La vendemmia era anche un modo di arrotondare la paghetta settimanale per gli studenti della generazione che a scuola ci tornava il primo ottobre. Fra di loro, l’attore Gino Nardella, oggi assurto alla celebrità come agente Casella, pezzo forte della squadra di Rocco Schiavone nella serie RAI. Lui a vendemmiare ci andava su un ciclomotore Piaggio, modello «Ciao», del 1971, più che sufficiente in quei mesi di settembre ancora tiepidi, se non torridi. Mentre Andrea Pazienza rombava lungo i tratturi sul Dingo Cross della Guzzi.
Nelle vigne si mescolavano ai braccianti altri studenti riciclatisi coglitori d’uva, chi per lusso, chi per necessità. «Cugghjite! Cugghjite l’acini, ca quill so’ tutti vuccherucci di vino!» urlavano certi anziani esperti agli acnoici dilettanti. Ovvero: «Cogliete! Cogliete tutti i chicchi sparsi sul terreno, ché anche quelli sono tutti bicchierini di vino in più!».
Esperti di agricoltura avrebbero notato che si insisteva a piantare i tendoni, laddove nella Valle d’Itria si optava per la vigna vascia, bassa, che negli anni avrebbe fruttato a Locorotondo il primato pugliese.
Quanto alla raccolta delle olive, fu il tratto identificatore di Rosanna Fratello, originaria di San Severo, nel programma serale I soliti ignoti. La cantante riandò con orgoglio alle sue radici. La campagna costituiva un rito iniziatico senza distinzione di sessi.
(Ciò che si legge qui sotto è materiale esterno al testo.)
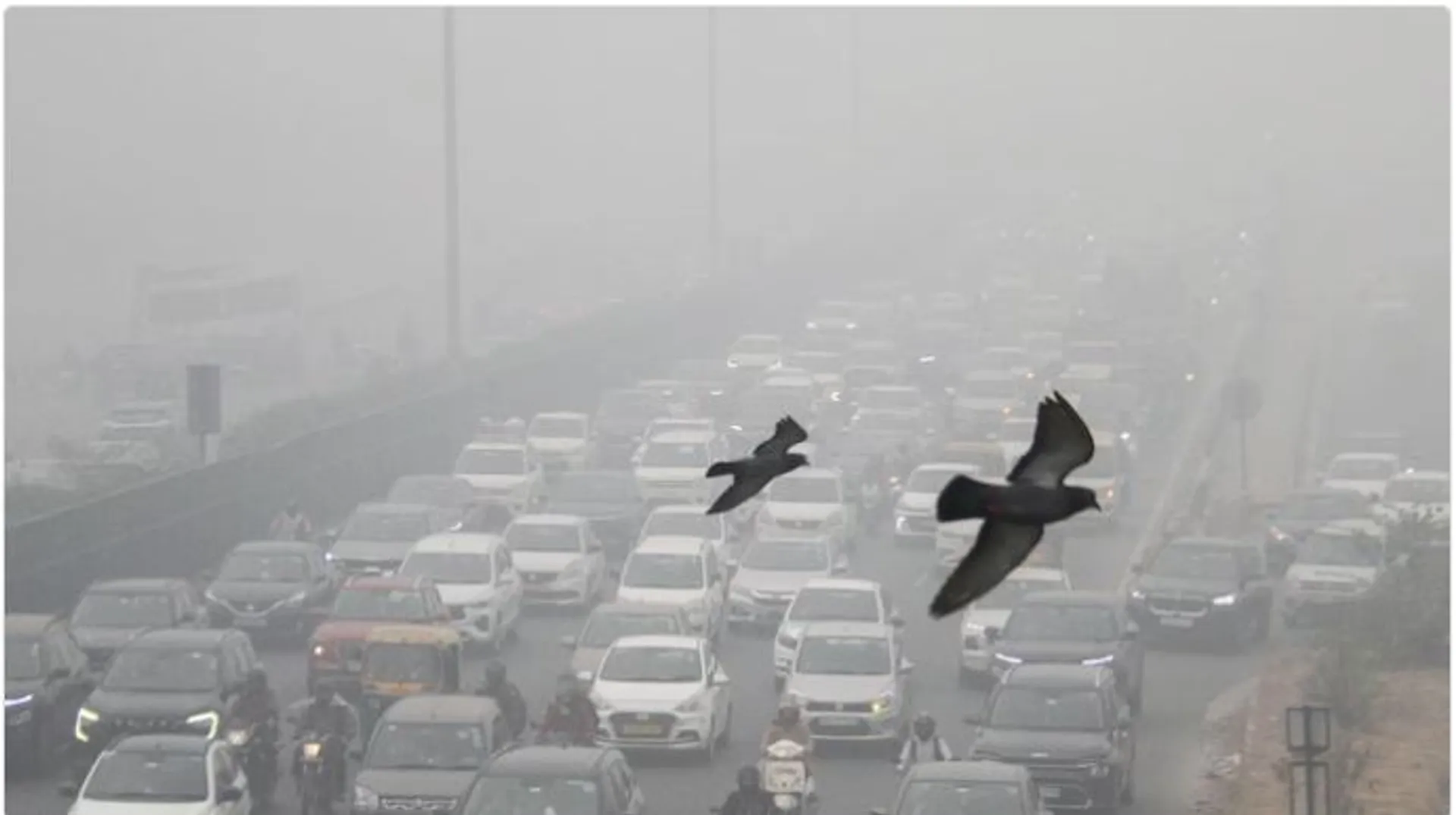 POLLUTION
Donne e uomini, ragazze e ragazzi liberavano i nodosi e secolari alberi di ulivo dai frutti che avrebbero trionfato nelle cucine.
Prima della Xylella, quei tronchi componevano foreste ubertose, dove i rami e le fronde intrecciavano poemi bucolici da trasformare nel condimento essenziale.
Vi dedica una lirica sublime Padre Enzo Bianchi: «Ho contemplato a lungo questo vecchio ulivo /cresciuto in terra arida / piegato e scavato dal vento maestrale / sbattuto da tempeste e arso dal sole cocente. /Tuttavia, carico di frutti, dona olio fragrante / come chi dopo una vita dura vive ancora / donando fiducia e creando speranza.»
E non ci si aspetterebbe di incontrare sul tema uno stralcio di Agatha Christie, così lontana dalla solarità meridionale: «Com’era bello starsene seduti sotto gli ulivi, appagati e felici di essere insieme in quella specie di paradiso terrestre».